The Board, after considering the
testimony of eight witnesses, including the Respondent, plus a de bene esse
deposition of The Honorable Sam J. Coleman, Judge of the Court of Appeals of
Virginia, and after reviewing 24 exhibits introduced by the Virginia State Bar
and 17 exhibits introduced by the Respondent, all without objection from opposing
counsel, and having considered the Motion to Strike made by the Respondent,
and denying same, and having heard argument, the Board deliberated.
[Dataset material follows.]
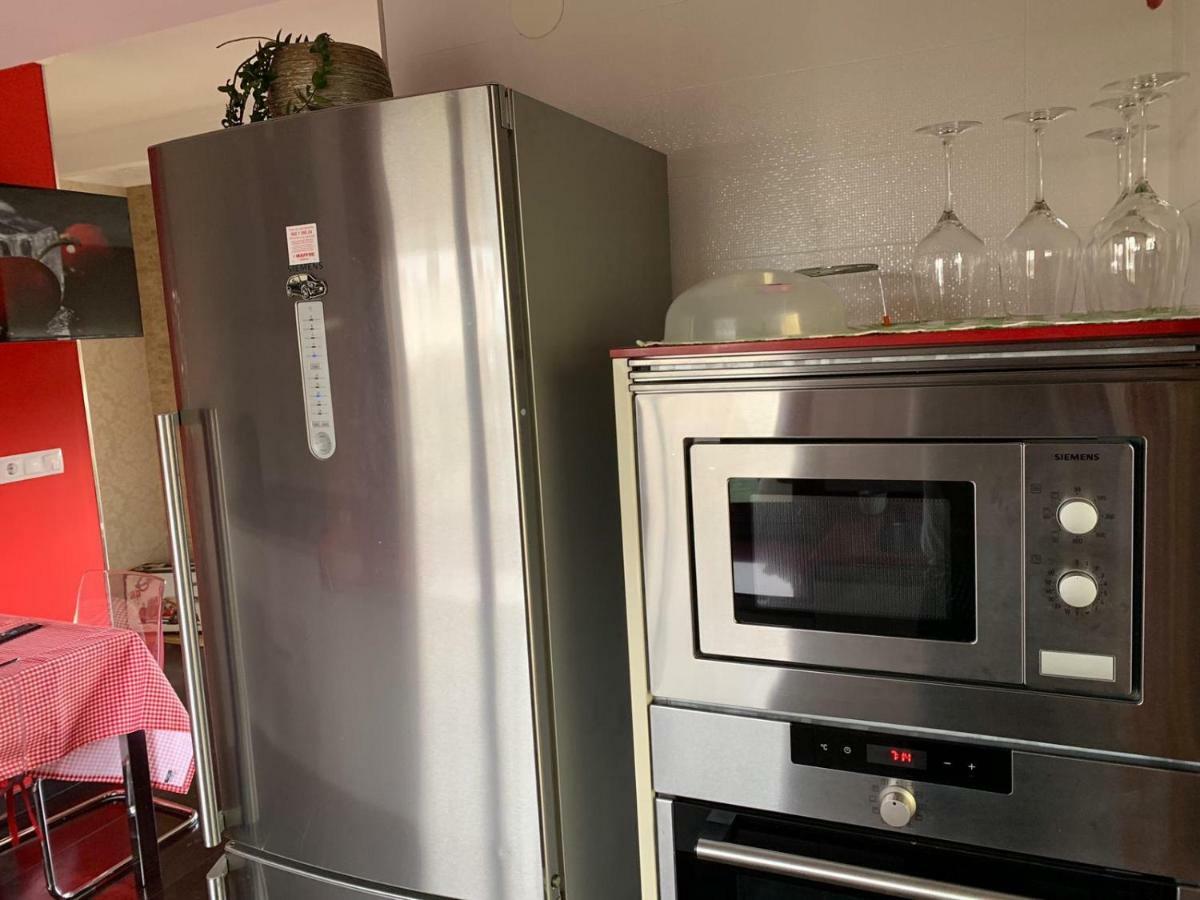 La Tita Villa San Cibrao Eksteriør bilde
After an
equally aggressive prosecution and defense, the Board unanimously determined
that the Respondent be given a PUBLIC REPRIMAND inasmuch as the Board finds,
by clear and convincing evidence, that the Respondent, Ellen Compere Reynolds,
violated DR 7-105(C)(1) and Rule 3.1. Upon consideration of these matters, the
Panel hereby issues a PUBLIC REPRIMAND effective upon entry of this Order.
The Clerk of the Disciplinary System
shall assess costs pursuant to Part IV, Paragraph 13(k)(10) of the Rules of
the Virginia Supreme Court.
IT IS ORDERED that the Clerk of the Disciplinary System shall send an attested true copy of this Order to the Respondent, Ellen Compere Reynolds, by certified mail, return receipt requested, at her address of record for the Virginia State Bar, Child Support Enforcement Division, Danville District Office, 155 Deer Run Road, Danville, Va. 24540, and to Michael L. Rigsby, Esquire, Respondent's counsel, Suite 160, 9030 Stoney Point Parkway, Richmond, Virginia 23235, and to Paul D. Georgiadis, Esquire, Assistant Bar Counsel, Virginia State Bar, 707 East Main Street, Suite 1500, Richmond, Virginia, 23219-2800.
ENTERED this __________ day of April, 2002.